*Dataset records*.
....

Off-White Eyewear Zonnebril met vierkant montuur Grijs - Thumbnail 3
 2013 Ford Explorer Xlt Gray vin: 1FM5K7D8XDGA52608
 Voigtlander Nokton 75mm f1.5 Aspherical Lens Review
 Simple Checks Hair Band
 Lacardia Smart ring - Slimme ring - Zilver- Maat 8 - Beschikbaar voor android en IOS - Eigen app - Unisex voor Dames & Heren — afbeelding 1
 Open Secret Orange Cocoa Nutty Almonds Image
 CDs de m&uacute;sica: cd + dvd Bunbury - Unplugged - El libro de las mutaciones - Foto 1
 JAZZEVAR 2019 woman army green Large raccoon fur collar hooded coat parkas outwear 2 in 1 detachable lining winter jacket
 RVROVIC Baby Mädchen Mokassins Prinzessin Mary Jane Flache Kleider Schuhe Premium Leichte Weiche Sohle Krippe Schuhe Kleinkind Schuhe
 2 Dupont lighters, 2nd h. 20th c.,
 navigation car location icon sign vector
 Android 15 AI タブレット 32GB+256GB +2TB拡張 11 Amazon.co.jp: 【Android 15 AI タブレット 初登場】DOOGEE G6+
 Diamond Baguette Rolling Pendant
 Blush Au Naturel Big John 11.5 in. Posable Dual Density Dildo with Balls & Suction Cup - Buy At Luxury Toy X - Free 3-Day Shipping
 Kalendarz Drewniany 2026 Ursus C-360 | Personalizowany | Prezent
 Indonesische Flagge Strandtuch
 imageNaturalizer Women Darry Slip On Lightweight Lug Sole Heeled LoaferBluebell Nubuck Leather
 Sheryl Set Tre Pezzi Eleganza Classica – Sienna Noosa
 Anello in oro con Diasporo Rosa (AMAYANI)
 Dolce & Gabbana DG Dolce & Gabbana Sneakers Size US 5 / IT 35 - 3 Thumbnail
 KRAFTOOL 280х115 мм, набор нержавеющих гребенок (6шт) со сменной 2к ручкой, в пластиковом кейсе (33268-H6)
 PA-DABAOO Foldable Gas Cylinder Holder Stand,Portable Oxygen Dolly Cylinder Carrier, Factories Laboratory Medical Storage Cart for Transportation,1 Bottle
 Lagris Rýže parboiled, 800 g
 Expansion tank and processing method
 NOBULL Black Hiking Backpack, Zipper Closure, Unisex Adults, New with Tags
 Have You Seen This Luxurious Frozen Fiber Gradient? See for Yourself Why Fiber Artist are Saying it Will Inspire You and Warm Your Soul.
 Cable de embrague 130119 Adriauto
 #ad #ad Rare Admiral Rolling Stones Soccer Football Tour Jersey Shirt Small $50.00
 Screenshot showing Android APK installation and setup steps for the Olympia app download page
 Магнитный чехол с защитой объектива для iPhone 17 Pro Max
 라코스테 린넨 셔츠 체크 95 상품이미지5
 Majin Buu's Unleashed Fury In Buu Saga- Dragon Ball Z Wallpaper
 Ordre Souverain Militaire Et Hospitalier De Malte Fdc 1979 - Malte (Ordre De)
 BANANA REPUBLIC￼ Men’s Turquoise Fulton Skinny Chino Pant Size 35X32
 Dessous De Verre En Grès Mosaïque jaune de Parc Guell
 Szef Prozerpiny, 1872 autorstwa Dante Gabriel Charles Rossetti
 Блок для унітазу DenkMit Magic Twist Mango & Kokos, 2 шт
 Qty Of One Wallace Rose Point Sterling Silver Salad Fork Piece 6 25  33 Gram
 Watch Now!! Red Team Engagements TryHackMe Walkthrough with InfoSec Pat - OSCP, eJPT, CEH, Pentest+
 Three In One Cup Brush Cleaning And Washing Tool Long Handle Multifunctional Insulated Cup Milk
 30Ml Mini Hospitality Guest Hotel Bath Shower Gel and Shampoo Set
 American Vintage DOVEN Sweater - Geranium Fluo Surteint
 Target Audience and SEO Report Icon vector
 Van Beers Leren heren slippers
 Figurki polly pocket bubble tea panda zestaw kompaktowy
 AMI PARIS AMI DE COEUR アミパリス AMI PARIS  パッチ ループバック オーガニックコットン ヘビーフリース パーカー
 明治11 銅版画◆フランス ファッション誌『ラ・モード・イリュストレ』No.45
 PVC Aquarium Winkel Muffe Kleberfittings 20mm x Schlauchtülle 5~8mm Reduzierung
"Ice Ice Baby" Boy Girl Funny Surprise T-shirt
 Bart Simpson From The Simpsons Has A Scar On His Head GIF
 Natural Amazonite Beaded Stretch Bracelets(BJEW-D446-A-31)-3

....

*What you will do*. Every line of the listing that includes the word "with" belongs in the answer.

*Expected answer*.
 Blush Au Naturel Big John 11.5 in. Posable Dual Density Dildo with Balls & Suction Cup - Buy At Luxury Toy X - Free 3-Day Shipping
 NOBULL Black Hiking Backpack, Zipper Closure, Unisex Adults, New with Tags
 Watch Now!! Red Team Engagements TryHackMe Walkthrough with InfoSec Pat - OSCP, eJPT, CEH, Pentest+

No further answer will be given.